Choix des partenaires, engagements financiers, réservations et contrats doivent désormais être bouclés très tôt. La santé constitue également un axe central des nouvelles réformes. Insuffisance rénale, insuffisance cardiaque, tuberculose, certains cancers ou encore traitements lourds figurent parmi les pathologies incompatibles avec l’accomplissement du pèlerinage. Pour répondre à ces exigences, des examens complémentaires ont été systématisés et des structures spécialisées ont été associées au dispositif. Une rigueur assumée par le général Gaye qui rappelle que « chaque visa validé engage directement la responsabilité des autorités organisatrices ». Les résultats semblent probants. Cette année, trois décès ont été enregistrés contre six lors de l’édition précédente. Face à ces mutations, le Sénégal a entrepris sa propre réforme avec la déconcentration des procédures. Des guichets uniques ont été ouverts notamment à Ziguinchor, Tambacounda, Diourbel, Touba et Kaolack. Cette organisation permet d’éviter aux pèlerins de longs déplacements vers la capitale.
Elle réduit également les encombrements et accélère considérablement les démarches administratives. Aujourd’hui, assure le délégué général, « l’ensemble du parcours administratif d’un pèlerin peut être bouclé en quelques heures ». L’amélioration des conditions de séjour constitue un autre motif de satisfaction. À Médine comme à La Mecque, les hôtels retenus offrent davantage de confort et de proximité avec les lieux saints. Des navettes permanentes facilitent les déplacements. La restauration, longtemps critiquée, a également connu une évolution notable.
Encadrement renforcé
Avec l’accord des partenaires saoudiens, des cuisiniers sénégalais ont été associés à la préparation des repas. Une initiative très appréciée des pèlerins. L’encadrement a lui aussi été renforcé. Chaque groupe est désormais suivi par un délégué d’accompagnement de vol chargé d’informer, d’orienter et d’assister les pèlerins depuis leur inscription jusqu’à leur retour au Sénégal. À cela s’ajoutent des bureaux permanents d’information installés dans les hôtels. Mais l’innovation qui a le plus marqué cette édition reste sans doute l’initiative « Tariq Makkah ».
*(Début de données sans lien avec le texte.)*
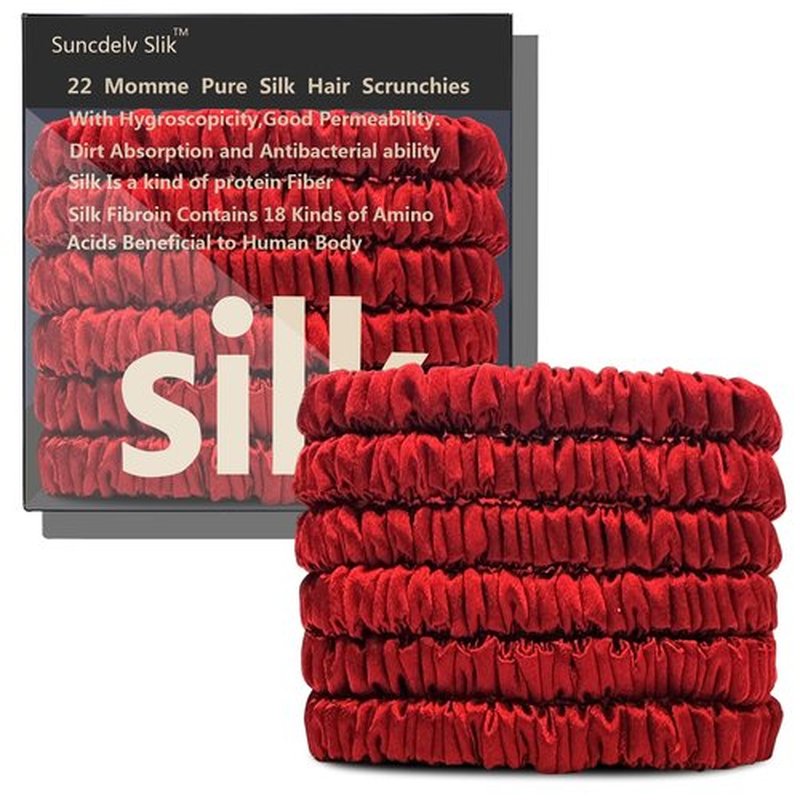 Suncdelv Silk,100% Silk Scrunchies for Hair,22 Momme Hair Ties for Anti-Crease & Breakage,Natural Women Hair Accessories，Fashion Hairbands 6PCS（Red）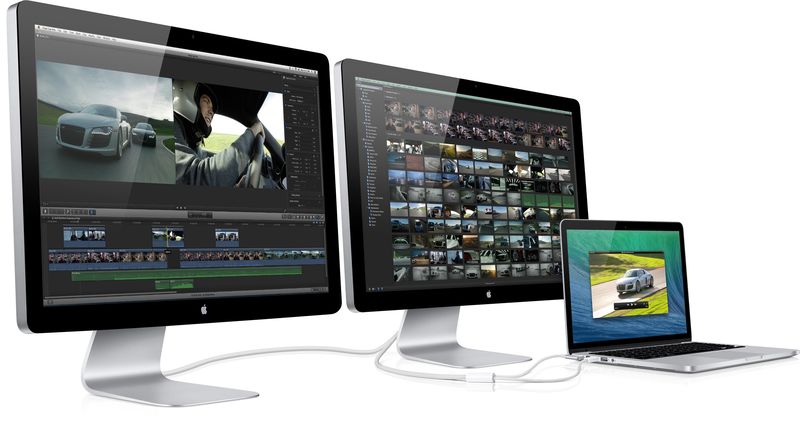 Thunderbolt Display (two-up, MacBook Pro)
Grâce à ce dispositif, les formalités d’immigration saoudiennes sont désormais effectuées à Dakar avant le départ. La préparation spirituelle n’a pas été oubliée. L’École du pèlerinage a poursuivi sa montée en puissance. Des séances de formation ont permis aux futurs pèlerins de mieux comprendre les rites, les obligations et les différentes formes du Hajj. Les missionnaires ont également bénéficié d’une préparation spécifique destinée à renforcer la cohésion et l’efficacité de l’encadrement. À Mina et dans les autres lieux saints, les améliorations sont également visibles. Climatisation renforcée, meilleures installations sanitaires, restauration plus régulière et environnement plus confortable ont contribué à améliorer les conditions de séjour. Enfin, le Hajj 2026 restera comme celui d’un record historique. Pour la première fois, le Sénégal a utilisé la totalité de son quota de 12.860 pèlerins.
Une performance qui pourrait renforcer la demande sénégalaise d’une augmentation du quota national auprès des autorités saoudiennes. À écouter le général Gaye, une certitude s’impose désormais : le pèlerinage entre dans une nouvelle ère. Une époque où l’anticipation, la technologie, la qualité des services et la rigueur organisationnelle deviennent les conditions indispensables de la réussite.